Living with less
Limited space helps a designer focus on just the things he loves.
Jeff Osborne had spent quite a bit of time in this South End loft before actually living there. An interior designer and the co-owner of a card company, Osborne moved into the 900-square-foot apartment when a client -- who had hired the firm where he works, Meichi Peng Design in Boston, to plan the lighting design and choose paint colors -- had a change of heart about the place.
Though Osborne was attracted to the idea of living in one open space, the designer says he knew he would have to do some serious editing of both furniture and accessories to make the home comfortable. “You can’t have 16,000 things on 16 different tables in a loft.”
He rose to the challenge, buying all new furniture (he gave his old stuff to his brother, who had just built a house in Maine) and packing up more than a few prized possessions. He placed a low bed, upholstered in white leather and covered in gray houndstooth linens, adjacent to the south-facing floor-to-ceiling wall of windows. It’s a perfectly produced almost-nook, with sleek industrial-style lighting from Casa
Design in the South End and folding black leather stools from West Elm for nightstands -- $100 side tables with an $8,000 bed, but “you can’t tell,” Osborne says. (Another couple of steals amid the splurges: twin aluminum-framed mirrors and large smoked-glass-front armoires from IKEA.)
The loft’s largest blank wall is artfully and masterfully arranged.
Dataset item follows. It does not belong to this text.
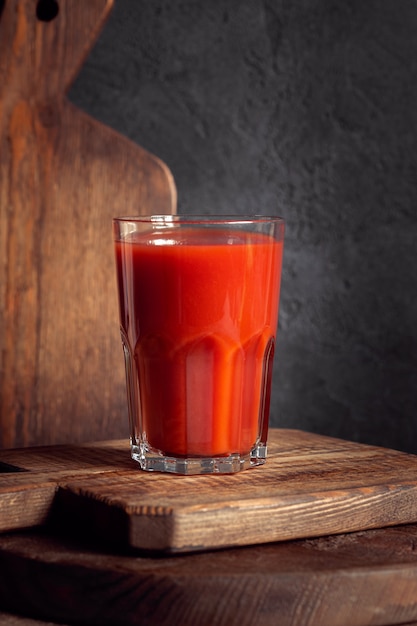 Succo di pomodoro fresco in vetro con cannuccia su tavola di legno vecchio su tavola rustica grigia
Black-framed paintings somehow make the flat-screen television look good, and white lacquer shelving holds just a few treasures, including several Chinese bronze animal bells from Intarawut in Cambridge, a whaling-ship propeller Osborne found at an antiques show, and ceramics from his parents’ collection.
So, how does Osborne like this whole loft living experiment? “I love it. I don’t have a dining room,” he says, “but I can have friends over for cocktails,” then head out to dinner. “And it forces me to be neat.”